(EXERCISE DIRECTIONS) In the records below, find the line that contains "1445 Ramsay Circle, Walnut Creek, CA 94597" and repeat it, along with each line after it, exactly as written.

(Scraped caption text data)
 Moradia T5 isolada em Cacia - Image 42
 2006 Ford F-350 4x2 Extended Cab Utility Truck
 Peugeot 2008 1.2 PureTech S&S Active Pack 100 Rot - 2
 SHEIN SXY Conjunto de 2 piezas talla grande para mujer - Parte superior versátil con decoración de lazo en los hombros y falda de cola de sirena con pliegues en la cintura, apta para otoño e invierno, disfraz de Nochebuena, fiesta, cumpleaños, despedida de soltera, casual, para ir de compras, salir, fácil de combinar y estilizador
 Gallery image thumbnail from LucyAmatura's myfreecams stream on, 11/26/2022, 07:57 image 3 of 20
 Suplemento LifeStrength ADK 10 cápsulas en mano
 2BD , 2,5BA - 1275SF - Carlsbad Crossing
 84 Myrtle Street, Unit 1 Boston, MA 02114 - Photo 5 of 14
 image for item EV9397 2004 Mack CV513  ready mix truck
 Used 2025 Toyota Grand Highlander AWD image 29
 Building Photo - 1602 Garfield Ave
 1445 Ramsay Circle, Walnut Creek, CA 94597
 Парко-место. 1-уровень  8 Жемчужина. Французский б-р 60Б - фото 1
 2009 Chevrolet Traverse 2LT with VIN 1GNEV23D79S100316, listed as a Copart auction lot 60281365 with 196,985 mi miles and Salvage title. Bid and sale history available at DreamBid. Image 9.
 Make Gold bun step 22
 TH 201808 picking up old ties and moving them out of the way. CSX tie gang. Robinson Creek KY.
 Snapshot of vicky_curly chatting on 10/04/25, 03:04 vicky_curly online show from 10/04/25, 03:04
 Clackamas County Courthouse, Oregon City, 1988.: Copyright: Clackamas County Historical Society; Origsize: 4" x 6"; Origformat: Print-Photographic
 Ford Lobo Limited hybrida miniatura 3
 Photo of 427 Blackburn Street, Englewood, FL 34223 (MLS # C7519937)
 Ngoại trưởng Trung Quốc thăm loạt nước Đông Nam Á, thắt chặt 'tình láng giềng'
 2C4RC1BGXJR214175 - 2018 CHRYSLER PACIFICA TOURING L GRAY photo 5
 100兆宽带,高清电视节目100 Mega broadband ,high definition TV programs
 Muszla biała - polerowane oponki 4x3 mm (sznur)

(RESPONSE FOR THIS EXERCISE)
 1445 Ramsay Circle, Walnut Creek, CA 94597
 Парко-место. 1-уровень  8 Жемчужина. Французский б-р 60Б - фото 1
 2009 Chevrolet Traverse 2LT with VIN 1GNEV23D79S100316, listed as a Copart auction lot 60281365 with 196,985 mi miles and Salvage title. Bid and sale history available at DreamBid. Image 9.
 Make Gold bun step 22
 TH 201808 picking up old ties and moving them out of the way. CSX tie gang. Robinson Creek KY.
 Snapshot of vicky_curly chatting on 10/04/25, 03:04 vicky_curly online show from 10/04/25, 03:04
 Clackamas County Courthouse, Oregon City, 1988.: Copyright: Clackamas County Historical Society; Origsize: 4" x 6"; Origformat: Print-Photographic
 Ford Lobo Limited hybrida miniatura 3
 Photo of 427 Blackburn Street, Englewood, FL 34223 (MLS # C7519937)
 Ngoại trưởng Trung Quốc thăm loạt nước Đông Nam Á, thắt chặt 'tình láng giềng'
 2C4RC1BGXJR214175 - 2018 CHRYSLER PACIFICA TOURING L GRAY photo 5
 100兆宽带,高清电视节目100 Mega broadband ,high definition TV programs
 Muszla biała - polerowane oponki 4x3 mm (sznur)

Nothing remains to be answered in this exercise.